InfoQ: What about wider community involvement in Graal? Twitter are on record as being early adopters and running Graal in production - who else is already using it? What has been your experience of working with non-Oracle developers? What does the future development of Graal look like? Will it adopt a similar model to OpenJDK as a whole?
Wuerthinger: OpenJDK has a very different mission than GraalVM.
OpenJDK has a large surface area for developers, since it is creating new language features and new libraries all the time. You have to change your code to deal with many of the changes to OpenJDK, and the mission is to get community consensus on which changes are worthwhile. The OpenJDK community is very large and there are a lot of opinions, and their process helps get to community consensus.
GraalVM is about making code in languages and libraries that already exist run more efficiently, in more places, and interoperate more, and not to change language semantics (for the most part). The only major piece of developer interface it has is the interoperabity API that allows you to invoke foreign language functions in other runtimes, and we try to stay below the waterline as much as possible.
The community for each language that GraalVM supports comes to its own conclusions on how it should evolve.

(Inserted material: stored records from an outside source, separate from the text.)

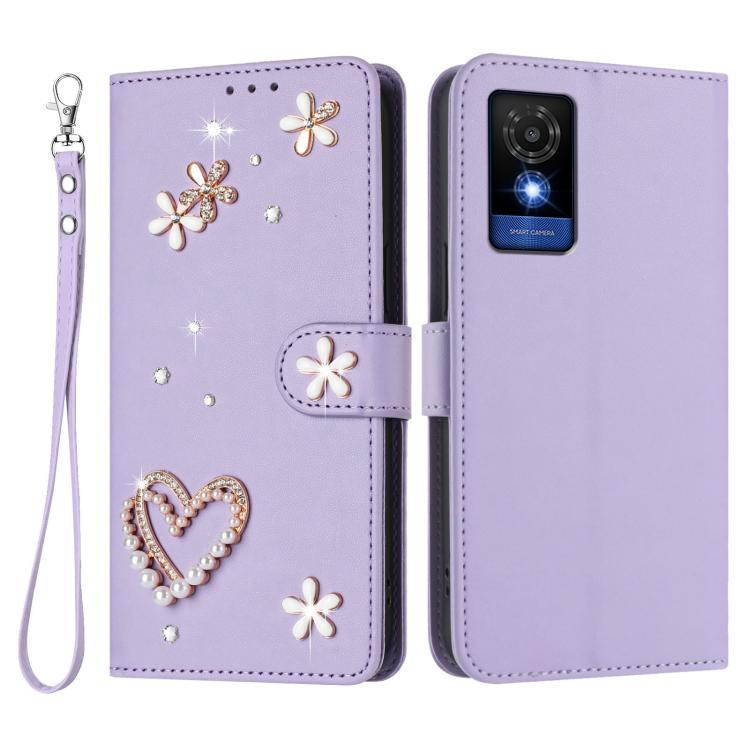 For TCL 501 / Vodafone Smart M25 ZS01 Double-Layer Heart Floral Vegan Leather Phone Case with Wrist Strap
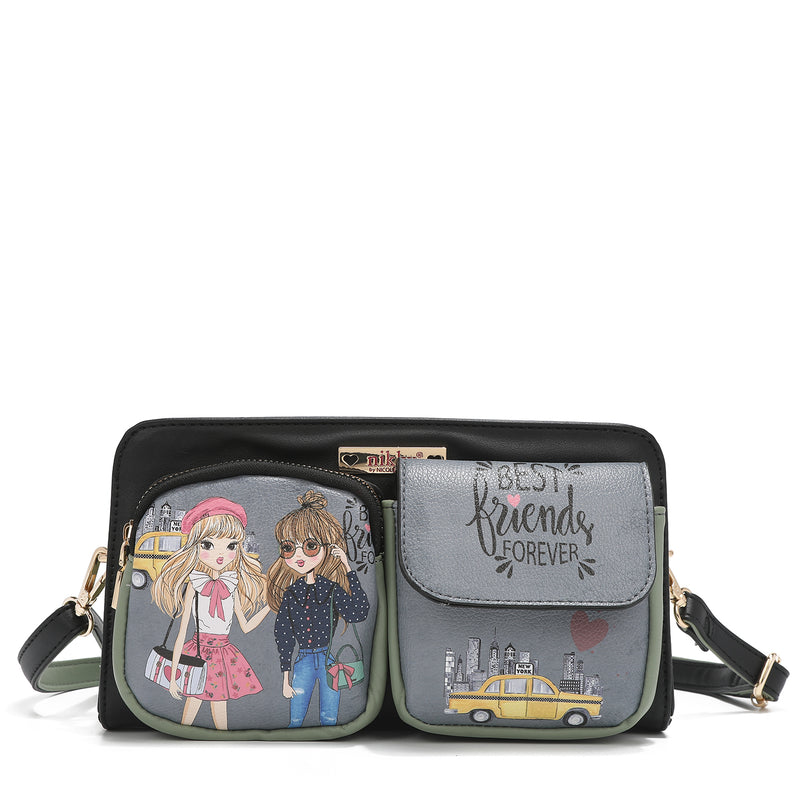 CROSSBODY BAG WITH DOUBLE POCKET "FRIENDS LOOK ALIKE"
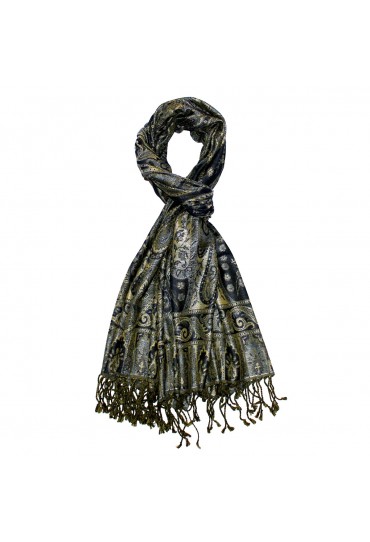 Seide Wolle Schaltuch Paisley blau gold LORENZO CANA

As with OpenJDK, GraalVM has a lot of great contributions from vendors like Red Hat, Intel and AMD that are quite substantial. Red Hat took the initiative a while ago to build an ARM backend for GraalVM without much input from us, and that turned out to be very useful for us. You may be aware that Oracle invested in an ARM vendor recently, so now we are paying more attention to that ecosystem.

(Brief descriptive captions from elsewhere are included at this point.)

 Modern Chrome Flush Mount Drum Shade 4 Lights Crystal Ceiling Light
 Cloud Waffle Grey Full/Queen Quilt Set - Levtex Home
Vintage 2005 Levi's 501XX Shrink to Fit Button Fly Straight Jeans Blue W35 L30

Those vendors believe that GraalVM will get enough uptake from others to warrant the investments, and their interest isn't primarily for their own usage. As you point out, Twitter has been contributing to GraalVM because they are using it themselves. There are some other major technology vendors using it that aren't going public the way Twitter has, and we have internal users at Oracle.
InfoQ: Oracle is usually reticent to discuss future roadmaps. Can you give us any indication of where the development track of GraalVM might take us in the next 18 months?
Wuerthinger: Well, the GraalVM team is in Oracle Labs, so we have kind of the opposite problem where we have lots of research projects that are public that may or may not go anywhere beyond a paper in an academic conference. Oracle Labs has a cloud of graduate student collaborators looking to try out ideas using GraalVM.
We have one student who was thinking about linking GraalVM into Chromium so that you could use any language in the browser and not just JavaScript, but I think it is very clear that it is unlikely ever to be released as an Oracle product. You can certainly look for academic papers based on GraalVM to see some other crazy ideas. We've done investigations into some other languages as research projects that may or may not go anywhere, based on community interest.
What I can tell you about the roadmap is that we are working on supporting more platforms. The initial release was just for a Linux/X86 and Mac/X86 to minimise the "release stress". We are actively working on Windows support and also on support for the ARM platform (together with Red Hat). There is also quite some stabilisation and completeness work necessary for the languages that are currently marked as "experimental" i.e., R, Ruby, and Python.
In terms of integrations, there are a number of ways that we are going to integrate GraalVM more deeply into MySQL and the Oracle RDBMS that you will see in the next 18 months. But how GraalVM will look like in 18 months will also very much depend on the overall community feedback and contributions.